Set in the post-war 1940’s, Folke, a Swedish efficiency expert, observes the kitchen habits of Isak, a Norwegian bachelor farmer, as part of a study run by Sweden’s Home Research Institute. Malmberg, the scientist left in charge of the study, explains to his charges that the goal is to “rationalize the kitchen and the placement of the stations” to suit Norwegian bachelors. The rules of the study require that the observers live in trailers outside their subjects’ homes. They are to conduct their research (each atop a tall, pedestal chair) in their hosts’ kitchens for a period of days/weeks without interacting with their subjects. Such is the quirky premise of this delightful film.
Hamer, the director, is well aware of his audience as yet another observer in the mix, and creates a film that rewards the attentive. The visual details evident in the setting, situations, and character body-language tell the story almost as much as the subtitles. The film is, itself, an exercise in showing, not telling. The result is engagingly humorous and, towards the end, bittersweet.
On one level Kitchen Stories taps into my interest in the evolution of kitchen design. In the 50’s machine age, efficiency was all the rage.
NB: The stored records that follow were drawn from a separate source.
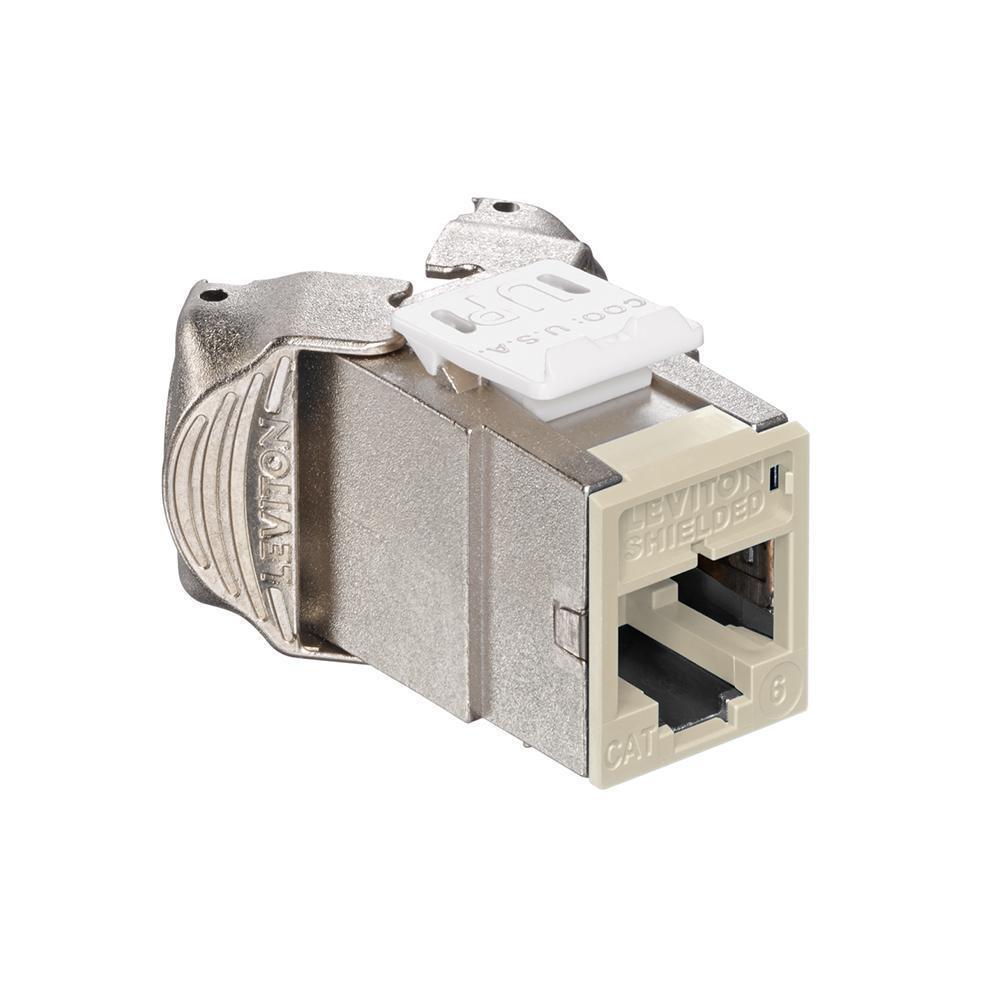 Leviton® 61SJK-RI6 UTP Jack Inserts
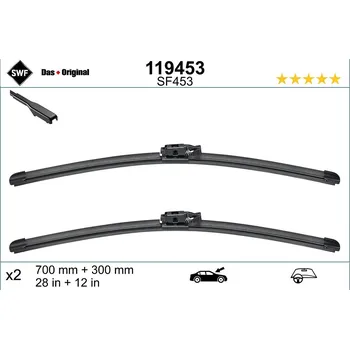 List stěrače SWF 119453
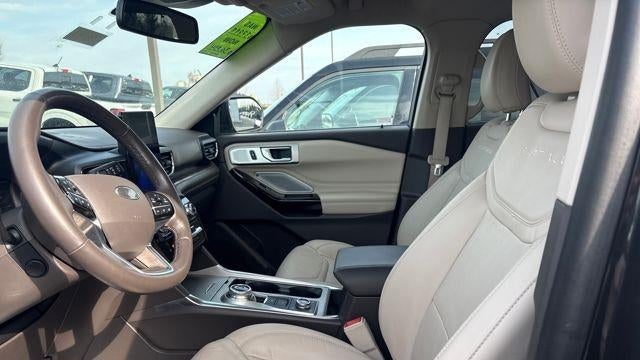 2022 Ford Explorer Platinum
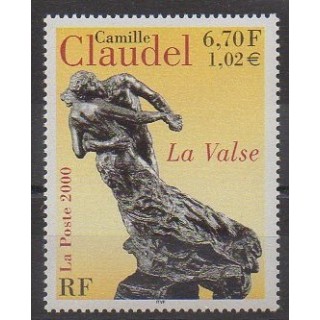 Stamps - France - Poste - 2000 - Nb 3309 - Art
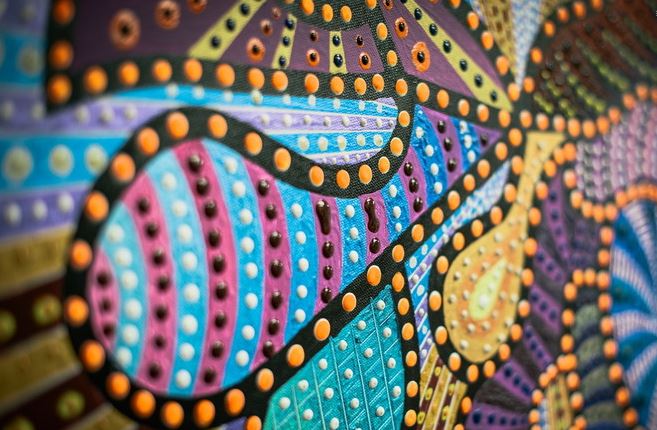 سۋرەتشىنىڭ «سال ونەرى» ادىستەمەسى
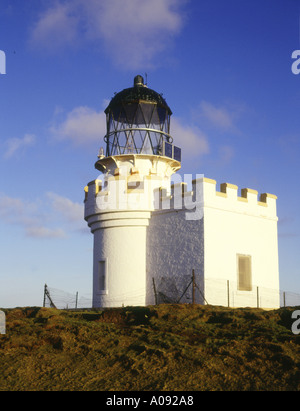 Dh Brough de Birsay BIRSAY Phare des Orcades light house tower Banque D'Images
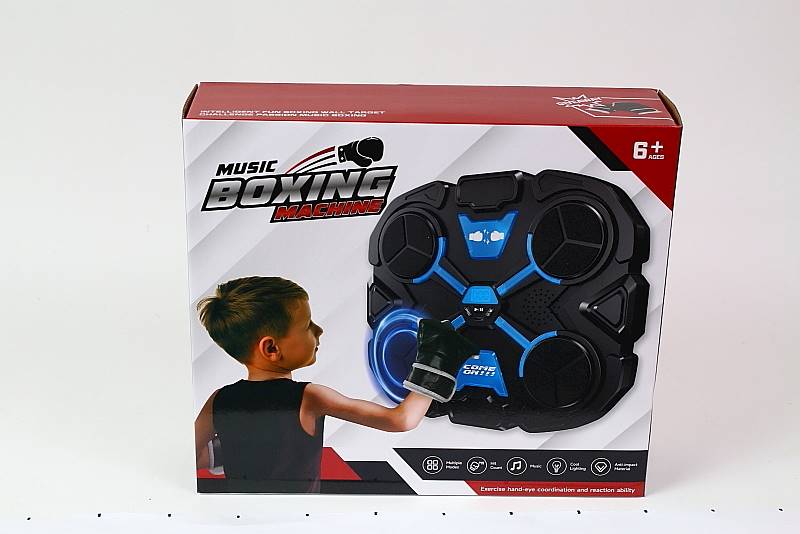 ZESTAW BOKS. TARCZA DO UDERZAMIA REKAWI 13054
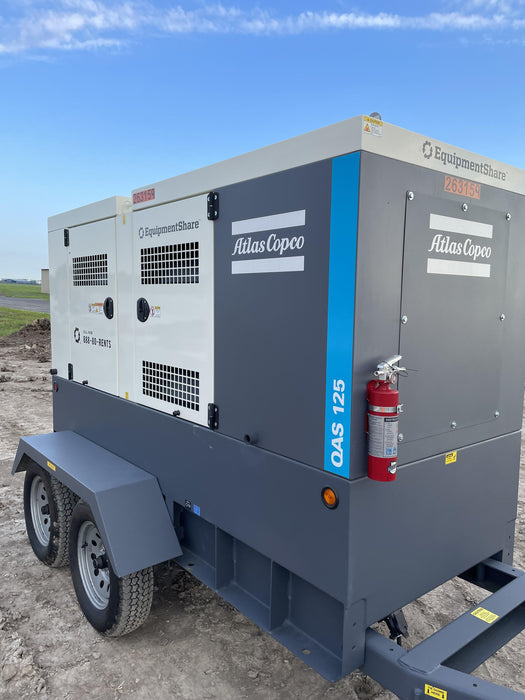 2022 ATLAS COPCO QAS 125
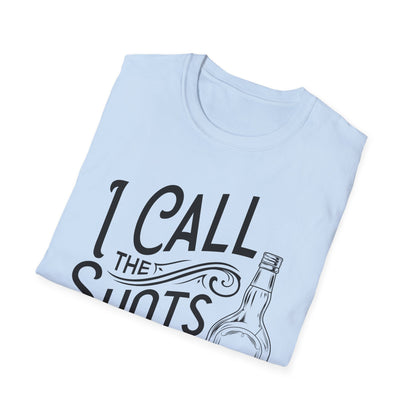 "I Call the Shots" Bartender Tee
The kitchen became a lab, equipped with the latest equipment arranged in the most judicious way. Soon enough it became more home to the machines than home to the folks using the machines. In Kitchen Stories Isak’s kitchen is a long, long way from the lab aesthetic. His kitchen is a homey, green, board-and-batten living space that serves multiple uses: as a barbershop, laundry, bath, and snacking area, but very rarely as a cooking space. He cooks upstairs, out of sight, because he’s not wild about being observed. In fact, he’s quite put-out about the whole thing from the get-go.
Folke arrives one grey, winter day in a comically ordered caravan with the other scientists. They tow buggy-shaped trailers with their ladder-like, pedestal, observation chairs strapped onto the back as they drive down the left side of the road toward a border gate where they then switch to the right side. This signals to the audience that they’ve arrived in Norway. A scene with a child’s buggy adjacent to one of the trailers is one of many fun visual puns in the film. Like a baby in a baby carriage, Folke will make a snug home in the trailer (while he remains uninitiated). Good thing, because Isak leaves Folke out in the cold for what seems like days. At one point Isak opens the door just enough to claim the red, wooden gift-horse that the scientists set on his porch, but then quickly shuts it again. Eventually, after returning from the barn past the speechless scientist, Isak leaves the door slightly ajar for Folke. This sets the stage for how they will silently communicate, for a while anyway.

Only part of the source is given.